Dal paradiso all’inferno e ritorno, Matteo Cambi racconta la sua Margherita di Spine sabato 30 al Mondadori Bookstore del Vulcano Buono di Nola.

LOCANDINAMARGHERITADISPINE_5197Si inizia inconsapevolmente, per scherzo, poi arrivi al punto di grattare anche l’intonaco dai muri. E’ questo il rapporto totalizzante e pervasivo che Matteo Cambi, imprenditore di successo e fondatore del marchio G.U.R.U., aveva con la cocaina.

“Arrivavo a tirarne 10 pezzi al giorno”, racconta in “Margherita di spine”, l’autobiografia che ha scritto insieme a Gabriele Parpiglia (Tiki Taka, Italia 1), dallo scorso febbraio nelle edicole e che verrà presentata sabato 30 al Mondadori Bookstore del Centro Commerciale Vulcano Buono di Nola.

“Sulla dipendenza da cocaina forse non si informa abbastanza, si inizia per gioco senza alcuna coscienza dei danni che può provocare, io stesso posso dire di essere vivo per miracolo.”

Matteo Cambi nei primi anni 2000 diventa un case study per il settore dell’abbigliamento casual, il suo marchio G.U.R.U., con il logo della margherita, diventa una tendenza globale, ccon teestimonial d’eccezione come Paolo Maldini e Christian Vieri, tanto da comparire sulle vetture di Formula 1 della Renault che con Fernando Alonso alla guida conquisteranno il Titolo Mondiale nel 2005 e nel 2006.

Un’ascesa rapida, costellata da feste, gossip, pagine nei settimanali, successo personale ed economico. Tanto rapida è l’ascesa, come in un film, quanto più rapida è la discesa, nel luglio 2008 l’arresto e la condanna per bancarotta fraudolenta ed altri reati societari, e quindi il carcere.

Tre mesi di carcere, un anno di arresti domiciliari e la condanna patteggiata a 4 anni. E’ qui che Matteo Cambi trova il modo di far affiorare in superficie i suoi demoni ed inizia a lavorare su sè stesso per tirarli fuori.
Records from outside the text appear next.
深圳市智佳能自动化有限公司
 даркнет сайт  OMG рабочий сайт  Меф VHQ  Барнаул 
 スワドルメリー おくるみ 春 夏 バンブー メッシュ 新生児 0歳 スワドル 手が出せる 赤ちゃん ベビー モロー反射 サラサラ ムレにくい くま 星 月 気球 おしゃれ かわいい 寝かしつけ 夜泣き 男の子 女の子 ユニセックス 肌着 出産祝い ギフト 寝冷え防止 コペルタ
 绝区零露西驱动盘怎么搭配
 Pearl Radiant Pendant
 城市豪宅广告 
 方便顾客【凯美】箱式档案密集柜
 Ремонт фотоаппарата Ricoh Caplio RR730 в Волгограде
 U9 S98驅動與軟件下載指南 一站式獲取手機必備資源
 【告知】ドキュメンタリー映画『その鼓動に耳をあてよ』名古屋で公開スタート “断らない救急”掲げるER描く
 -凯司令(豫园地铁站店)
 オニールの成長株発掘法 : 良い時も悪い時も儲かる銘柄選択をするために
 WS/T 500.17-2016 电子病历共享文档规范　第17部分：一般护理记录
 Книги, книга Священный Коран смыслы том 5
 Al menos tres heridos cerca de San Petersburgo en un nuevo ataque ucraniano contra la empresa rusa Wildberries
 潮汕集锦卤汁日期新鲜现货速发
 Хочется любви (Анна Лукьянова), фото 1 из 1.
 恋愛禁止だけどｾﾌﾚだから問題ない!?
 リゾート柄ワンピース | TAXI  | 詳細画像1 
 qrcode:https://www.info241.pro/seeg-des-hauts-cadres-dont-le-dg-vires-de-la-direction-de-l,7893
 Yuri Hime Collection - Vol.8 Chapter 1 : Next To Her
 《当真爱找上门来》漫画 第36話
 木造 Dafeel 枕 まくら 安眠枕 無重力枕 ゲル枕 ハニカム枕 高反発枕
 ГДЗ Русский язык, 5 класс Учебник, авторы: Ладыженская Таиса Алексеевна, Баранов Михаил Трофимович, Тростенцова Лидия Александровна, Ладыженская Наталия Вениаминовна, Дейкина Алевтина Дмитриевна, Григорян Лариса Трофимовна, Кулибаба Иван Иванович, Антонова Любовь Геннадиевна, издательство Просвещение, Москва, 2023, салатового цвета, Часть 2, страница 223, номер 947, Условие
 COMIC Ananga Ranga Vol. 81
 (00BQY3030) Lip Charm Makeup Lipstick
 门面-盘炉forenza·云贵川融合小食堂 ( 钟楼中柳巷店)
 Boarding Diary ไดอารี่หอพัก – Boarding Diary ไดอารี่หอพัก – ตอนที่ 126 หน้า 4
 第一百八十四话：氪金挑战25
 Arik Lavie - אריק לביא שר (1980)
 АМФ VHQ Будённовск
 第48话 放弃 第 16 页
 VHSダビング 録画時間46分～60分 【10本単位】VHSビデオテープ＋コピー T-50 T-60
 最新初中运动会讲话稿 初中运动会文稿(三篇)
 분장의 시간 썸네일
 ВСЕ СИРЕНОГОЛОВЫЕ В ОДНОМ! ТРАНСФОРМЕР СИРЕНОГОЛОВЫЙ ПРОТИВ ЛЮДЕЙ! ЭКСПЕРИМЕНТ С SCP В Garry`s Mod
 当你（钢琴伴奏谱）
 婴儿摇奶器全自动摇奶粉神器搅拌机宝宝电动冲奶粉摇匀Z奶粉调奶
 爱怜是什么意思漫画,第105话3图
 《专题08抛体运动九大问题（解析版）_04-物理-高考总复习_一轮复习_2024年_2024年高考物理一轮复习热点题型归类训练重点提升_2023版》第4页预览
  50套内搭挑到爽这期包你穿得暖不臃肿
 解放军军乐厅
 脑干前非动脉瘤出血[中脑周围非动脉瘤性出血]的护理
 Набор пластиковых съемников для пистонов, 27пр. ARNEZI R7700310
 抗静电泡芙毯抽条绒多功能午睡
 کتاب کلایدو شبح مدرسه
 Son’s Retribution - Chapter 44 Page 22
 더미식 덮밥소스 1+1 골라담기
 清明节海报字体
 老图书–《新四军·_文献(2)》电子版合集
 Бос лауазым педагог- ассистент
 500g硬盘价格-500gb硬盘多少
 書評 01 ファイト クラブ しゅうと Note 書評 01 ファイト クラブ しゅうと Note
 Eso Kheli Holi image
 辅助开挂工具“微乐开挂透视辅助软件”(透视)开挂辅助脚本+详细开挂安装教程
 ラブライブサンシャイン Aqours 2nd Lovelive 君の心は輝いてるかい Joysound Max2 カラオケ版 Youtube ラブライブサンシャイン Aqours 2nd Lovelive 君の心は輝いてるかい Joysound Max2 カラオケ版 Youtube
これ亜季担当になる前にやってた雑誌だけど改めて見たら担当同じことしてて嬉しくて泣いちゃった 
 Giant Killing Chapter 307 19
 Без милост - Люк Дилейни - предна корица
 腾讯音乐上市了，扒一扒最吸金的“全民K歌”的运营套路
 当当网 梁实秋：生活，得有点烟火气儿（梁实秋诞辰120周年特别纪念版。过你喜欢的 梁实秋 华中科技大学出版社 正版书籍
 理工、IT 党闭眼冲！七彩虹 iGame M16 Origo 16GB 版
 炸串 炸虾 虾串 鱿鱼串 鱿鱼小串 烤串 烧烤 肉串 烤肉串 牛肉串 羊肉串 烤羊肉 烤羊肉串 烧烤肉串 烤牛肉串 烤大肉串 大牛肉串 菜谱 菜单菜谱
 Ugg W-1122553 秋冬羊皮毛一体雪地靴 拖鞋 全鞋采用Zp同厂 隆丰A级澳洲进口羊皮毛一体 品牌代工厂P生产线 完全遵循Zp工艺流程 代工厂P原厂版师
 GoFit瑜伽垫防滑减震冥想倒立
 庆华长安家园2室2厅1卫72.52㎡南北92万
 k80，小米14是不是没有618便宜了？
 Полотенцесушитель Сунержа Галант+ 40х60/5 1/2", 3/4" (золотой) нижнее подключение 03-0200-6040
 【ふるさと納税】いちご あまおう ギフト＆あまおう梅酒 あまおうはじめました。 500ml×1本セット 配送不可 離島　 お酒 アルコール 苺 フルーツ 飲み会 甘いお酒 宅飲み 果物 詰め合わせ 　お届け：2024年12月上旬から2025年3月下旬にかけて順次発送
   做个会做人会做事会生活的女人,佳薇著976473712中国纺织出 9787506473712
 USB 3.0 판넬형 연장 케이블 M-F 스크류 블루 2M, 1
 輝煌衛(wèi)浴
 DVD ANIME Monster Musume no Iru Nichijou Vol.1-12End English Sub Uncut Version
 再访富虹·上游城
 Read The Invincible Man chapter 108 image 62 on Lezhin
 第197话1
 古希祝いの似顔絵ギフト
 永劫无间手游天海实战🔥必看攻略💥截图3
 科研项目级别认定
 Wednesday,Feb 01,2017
Matteo Cambi ammette di essere dipendente dalla cocaina e dall’alcol, viene dapprima affidato al SERT e quindi alla Comunità Betanià da dove ne è uscito disintossicato.

“Un’esperienza totalizzante quella della comunità, dove ho imparato a spogliarmi di tutto quello che ero prima ed a lavorare come se avessi ricominciato da zero”, racconta Matteo Cambi.

Matteo Cambi ora ha una vita normale, lavora come consulente aziendale nel mondo della moda e vive con la sua famiglia: “Questo libro è stato catartico, non nego che ho sofferto a dover rivivere quello che ho vissuto, specialmente i tre mesi in carcere, ma credo ne sia valsa la pena, raccontare questa esperienza mi ha fatto star meglio alla fine. Credo che la mia storia possa far appassionare e rifettere soprattutto dal punto di vista umano, una storia per fortuna a lieto fine. Vi aspetto sabato a Nola.”

Una storia che per il taglio cinematografico dato alla narrazione, potrebbe un giorno diventare anche un film: “Mi farebbe molto piacere, anche se non sono un produttore”.